PROVIDED RECORDS
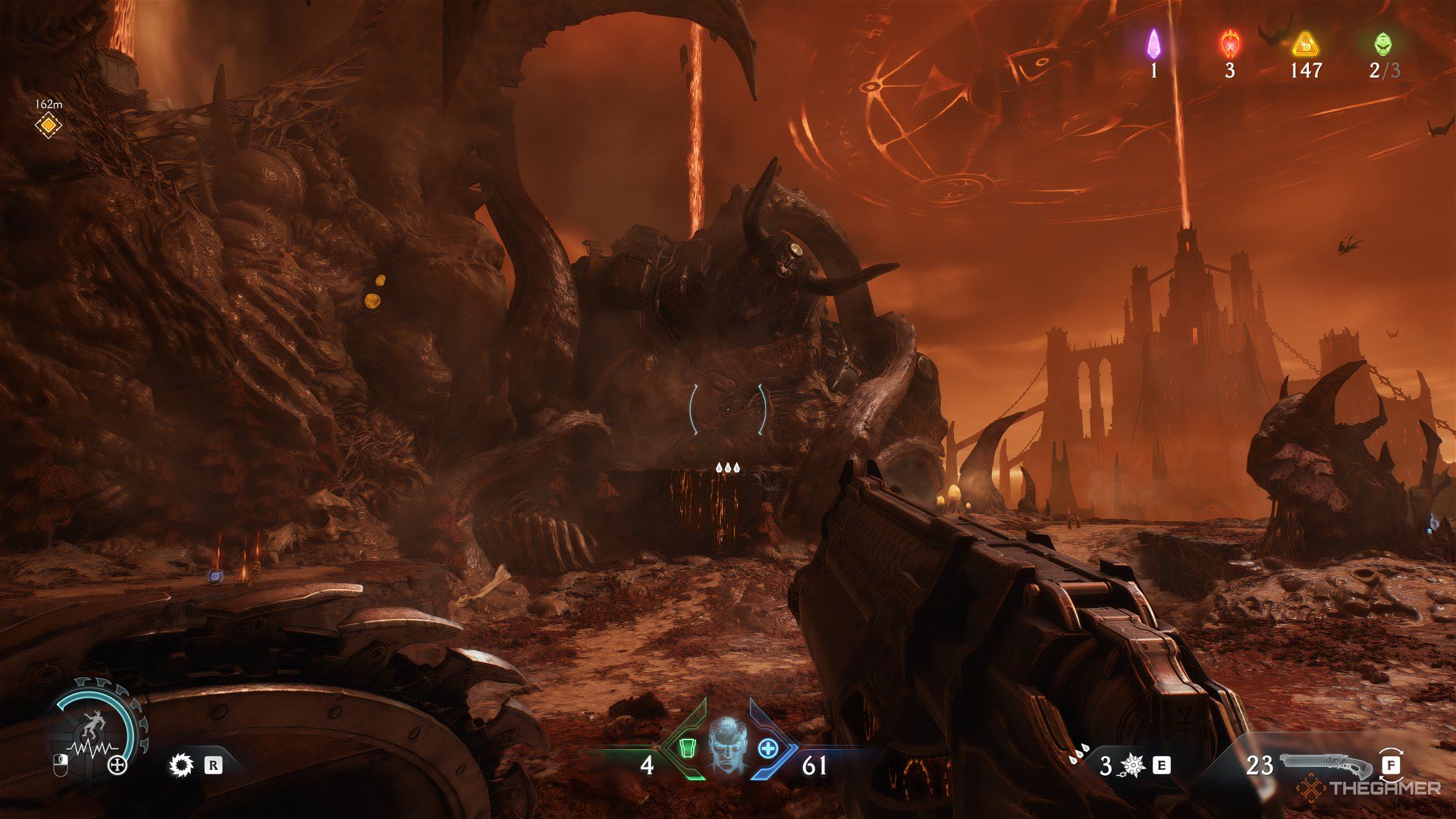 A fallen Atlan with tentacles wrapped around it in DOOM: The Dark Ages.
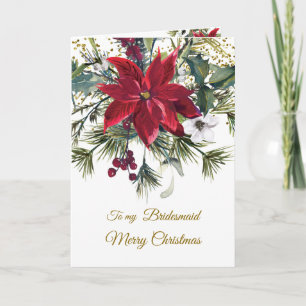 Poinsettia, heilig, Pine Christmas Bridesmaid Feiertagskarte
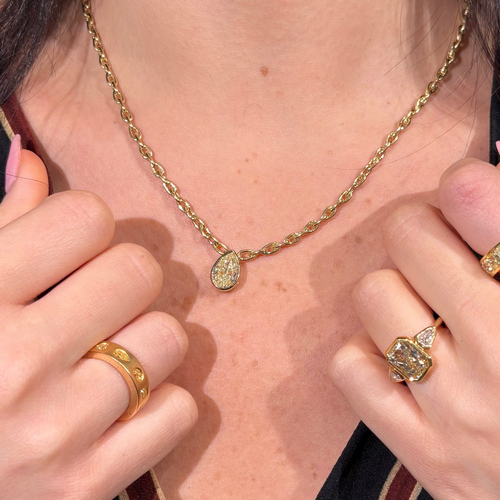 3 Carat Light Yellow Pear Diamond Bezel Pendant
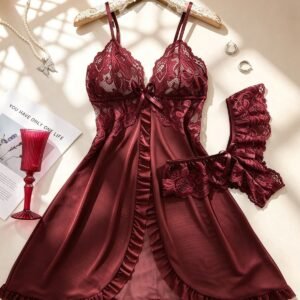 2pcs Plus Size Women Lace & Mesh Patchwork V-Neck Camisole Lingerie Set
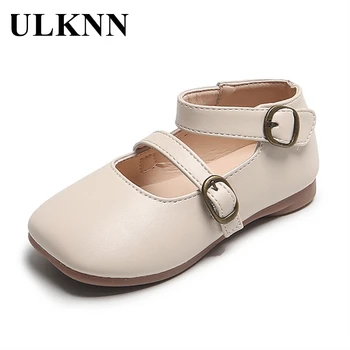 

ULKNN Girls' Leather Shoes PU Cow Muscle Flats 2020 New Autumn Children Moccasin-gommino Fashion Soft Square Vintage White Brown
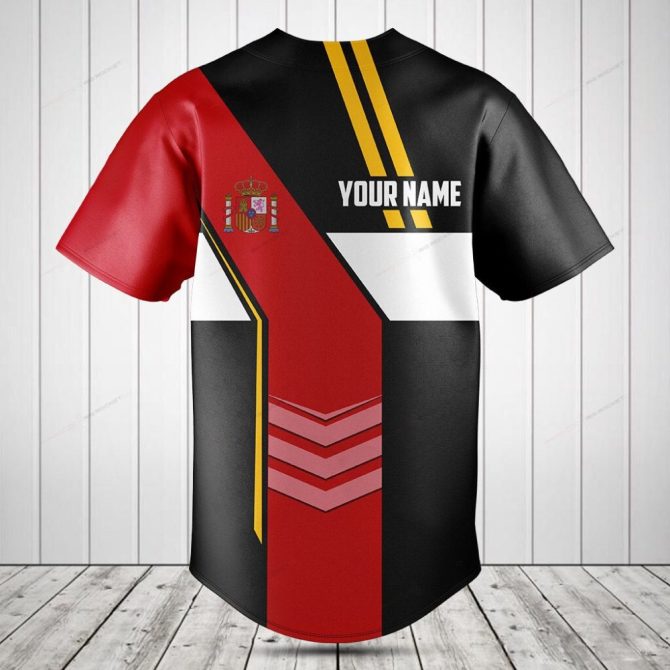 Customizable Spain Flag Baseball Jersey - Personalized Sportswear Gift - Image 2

==

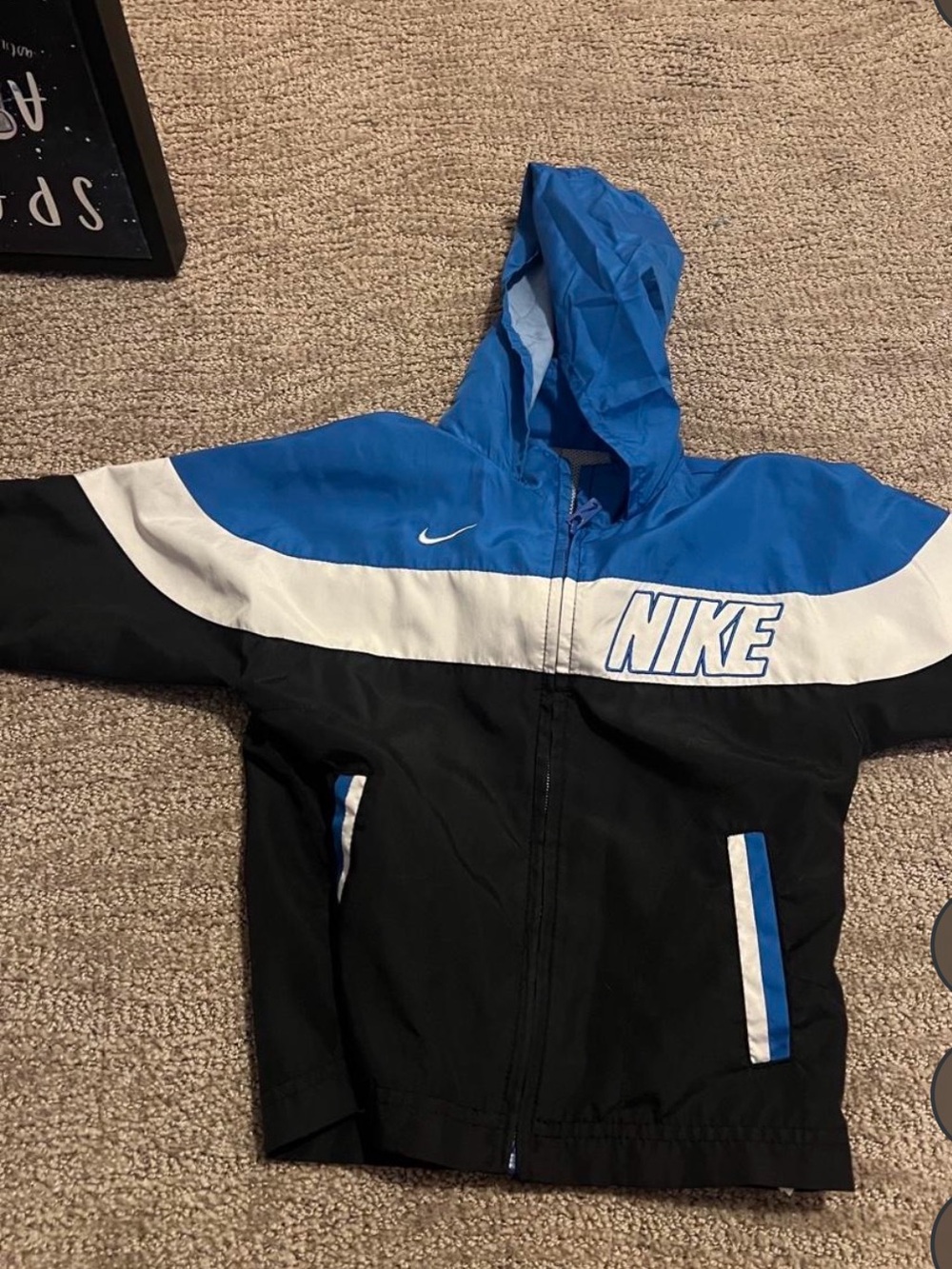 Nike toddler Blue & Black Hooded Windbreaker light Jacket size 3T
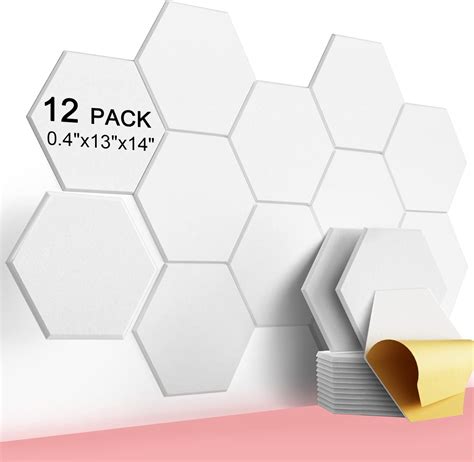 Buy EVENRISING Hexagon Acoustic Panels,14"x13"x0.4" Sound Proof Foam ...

YOUR INSTRUCTIONS
For this exercise, transcribe exactly the part of the records above that opens with the line containing "Nike toddler Blue" and closes with the one containing "Buy EVENRISING Hexagon". Pictures are not part of the copy.

SOLUTION TO THIS PROBLEM
 Nike toddler Blue & Black Hooded Windbreaker light Jacket size 3T
 Buy EVENRISING Hexagon Acoustic Panels,14"x13"x0.4" Sound Proof Foam ...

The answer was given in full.